By Brendan Sasso - 07/10/12 02:39 PM EDT
Unlike other Web browsers, Apple Safari's default settings prohibit sites from installing small files called cookies, which can be used to track users.
One exception to this rule is that Safari allows some cookies that enable users to engage in social media content on other sites. For example, the exception allows users to click Facebook's "Like" button when they are on news sites.
Google installed a temporary cookie to allow users to interact with the company's "+1" button on sites and ads. But this feature caused Safari to accept other tracking files from Google's ad network.
As a result, Safari users saw ads tailored to their browsing history, a violation of their privacy settings.
Google has insisted that the tracking was inadvertent.
A Google spokeswoman said the company could not comment on any specifics of a settlement but that the company has "the highest standards of privacy and security for our users."
"The FTC is focused on a 2009 help center page published more than two years before our consent decree, and a year before Apple changed its cookie-handling policy," she said. "We have now changed that page and taken steps to remove the ad cookies, which collected no personal information, from Apple’s browsers."
Google agreed to a consent decree with the FTC last year over charges that it mishandled its users' personal information with the launch of its now-defunct social network, Buzz.

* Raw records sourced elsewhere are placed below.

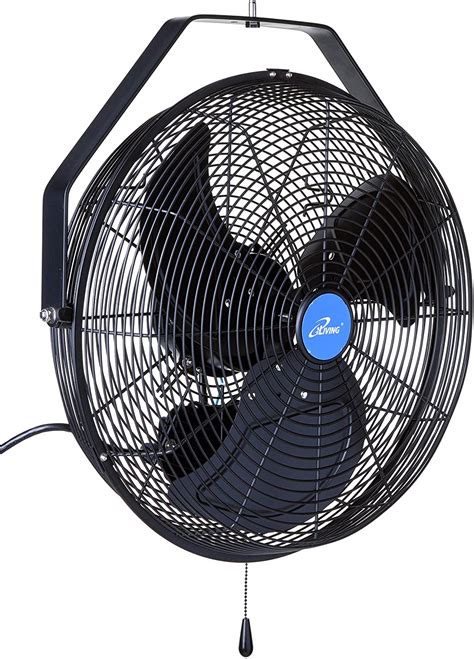 Maybe you would like to learn more about one of these? Top 5 Quietest Wall Mounted Fans for Quiet Efficient ...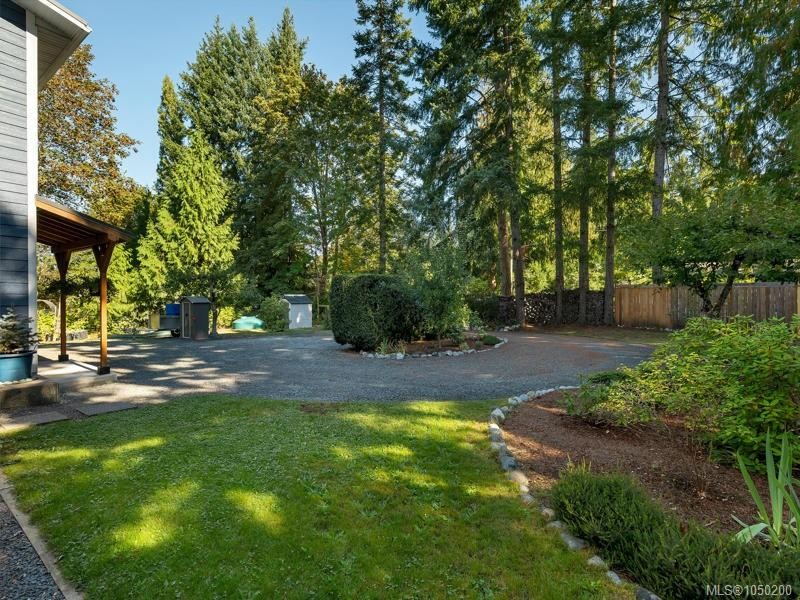 1371 Hooley Rd, Quadra Island, BC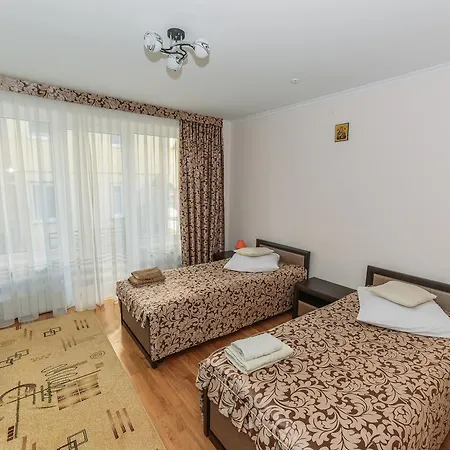 Villa Sonce Truskawez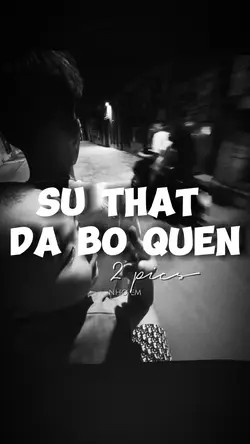 Sự Thật Đã Bỏ Quên 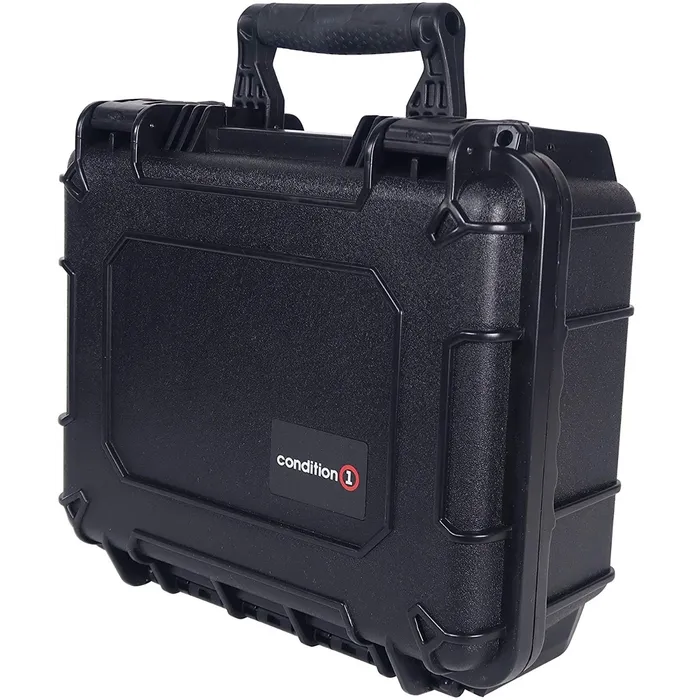 16-6.webp Condition 1 14" Medium Waterproof Protective Hard Case with Foam - Image 1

The company eventually replaced Buzz with the Google+ social network.
The Federal Communications Commission (FCC) also investigated Google for collecting personal information from unencrypted Wi-Fi networks as its cars drove around the world taking pictures for its Google Maps service. The FCC concluded that the data collection was not illegal, but the agency fined the company $25,000 for obstructing the investigation.
The FTC is also conducting an antitrust investigation of Google over concerns that the company is stifling competition by manipulating its search results to ensure that its own services appear above those of its rivals.